Extrait des Mémoires de Philippe de Commynes.

Ci-contre, le Marzocco de la place de la Seigneurie à Florence, reproduction du Marzocco de Donatello qu’on peut voir au Bargello.

 

Il s’agit ici d’un épisode de la descente du roi de France Charles VIII en Italie, en 1494-1495, afin de  conquérir le royaume de Naples revendiqué en héritage de la maison d’Anjou. Charles VIII est allié du duc de Milan (le « maître » dont il est question dans la première ligne), à savoir Ludovic le More. Cette année 1494 marque le début de ce qu’on appelle « les guerres d’Italie ».

 


« Tandis que le roi était à Pise, messire Galéas (1), poussé par son maître, fit venir chez lui certains des principaux bourgeois de la ville et il leur conseilla de se rebeller contre les Florentins et de demander au Roi de les libérer, en espérant que par ce moyen, la cité de Pise tomberait entre les mains du duc de Milan, comme elle l’avait été autrefois […]. Ce messire Galéas avait envie de s’élever. Et je crois que c’était aussi l’intention du duc de Milan dont il avait épousé la bâtarde (…)
Les Pisans étaient cruellement traités par les Florentins qui les considéraient comme des esclaves, car ils les avaient conquis il y avait à peu près cent ans (…) Pour cette raison, les Pisans tinrent conseil et se voyant encouragés par un homme si important et désirant leur liberté, ils vinrent crier au roi qui allait à la messe, hommes et femmes en grand nombre « Liberté !, Liberté ! » et ils le suppliaient, les larmes aux yeux qu’il le leur donnât. Un maître des requêtes qui le précédait ou qui en avait les fonctions, un conseiller du parlement du Dauphiné appelé Rabot, ou parce qu’il l’avait promis ou parce qu’il ne comprenait pas ce qu’ils demandaient, fit au roi que c’était un spectacle pitoyable et qu’il devait satisfaire à leur demande, et que jamais gens ne furent si durement traités? Et le Roi qui ne comprenait pas ce que signifiait ce mot et qui, logiquement, ne pouvait pas leur donner la liberté, car la cité n’était pas à lui mais il y était seulement reçu par amitié et parce qu’il était dans un grand besoin, et qui commençait depuis peu à connaître les souffrances de l’Italie et le traitement que les princes et les communes infligent à leurs sujets, le Roi donc répondit qu’il était d’accord, et ce conseiller dont j’ai parlé le leur dit. Aussitôt ce peuple de commencer à crier « Noel ! ». Et ils vont au bout de leur pont sur la rivière Arno, qui est un beau pont, et ils renversent un grand lion qui se dressait sur un haut pilier de marbre et qu’ils appelaient le Marzocco (il symbolisait la seigneurie de Florence) et ils le jetèrent dans la rivière. Sur ce pilier il érigèrent un roi de France, l’épée au poing, qui tenait sous le pied de son cheval ce Marzocco, qui est un lion. Par la suite, quand le roi des Romains y entra, ils traitèrent cette statue du roi comme ils l’avaient fait du lion. Il est dans la nature de ce peuple italien de complaire ainsi aux plus forts ; mais ceux-là étaient et sont si mal traités qu’on doit les excuser. »
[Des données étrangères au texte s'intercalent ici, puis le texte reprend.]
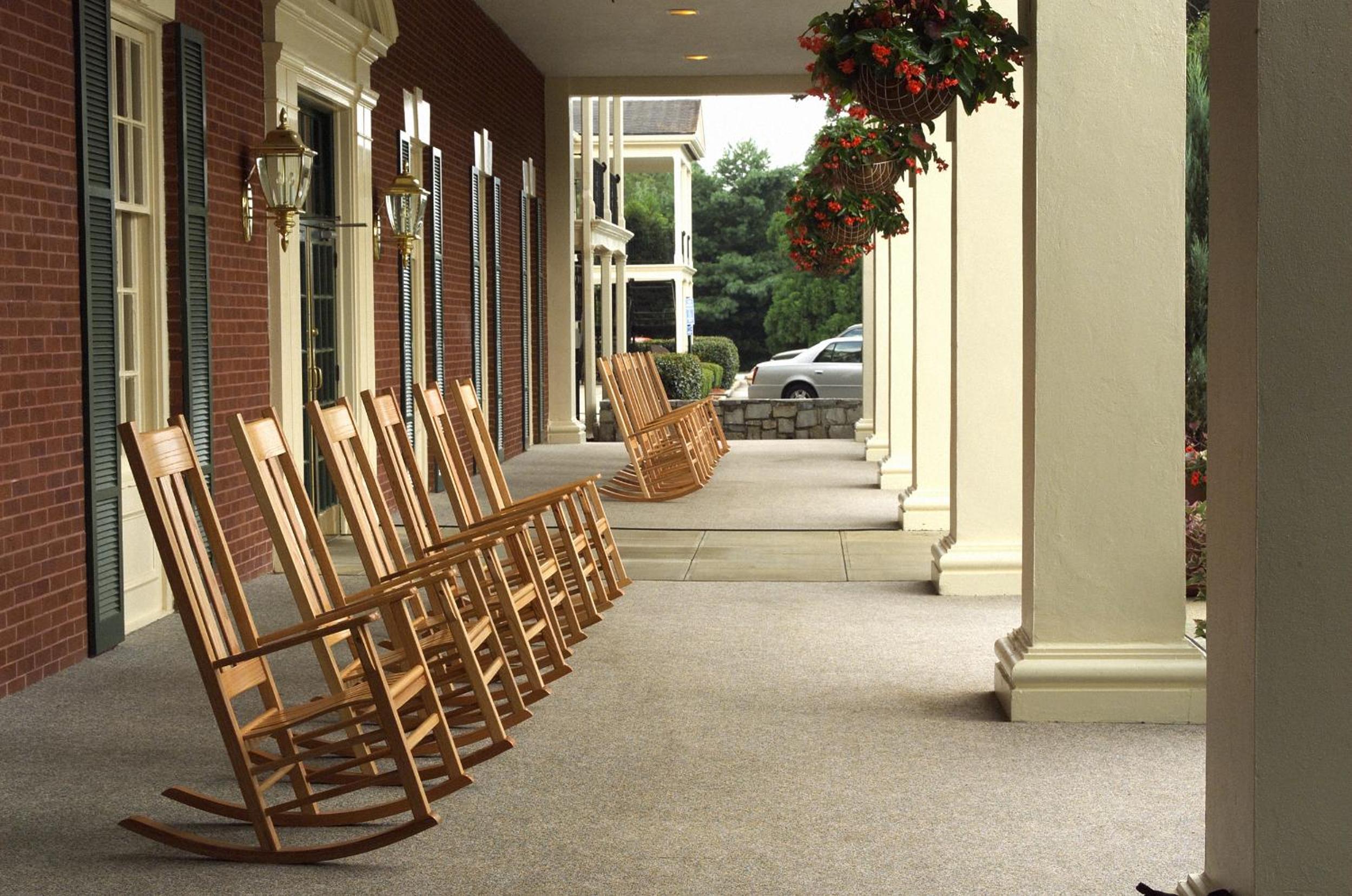 Atlanta Vacations - The Inn at Stone Mountain Park - Property Image 4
Mémoires de Philippe de Commynes, vol 3, p. 101, Garnier-Flammarion

(1) : Il s’agit de Galeazzo di San Severino, condottiere au service du duc de Milan. La famille de San Severino est napolitaine, opposée au roi aragonais Ferrand, et donc dans le parti français.

 

Florence contrôle au Moyen Age toute une série de cités (dont Pise comme on le voit dans l’extrait) à qui elle impose sa domination, ses taxes et, symboliquement, son Marzocco. Ici à Volterra, sur la place des prieurs.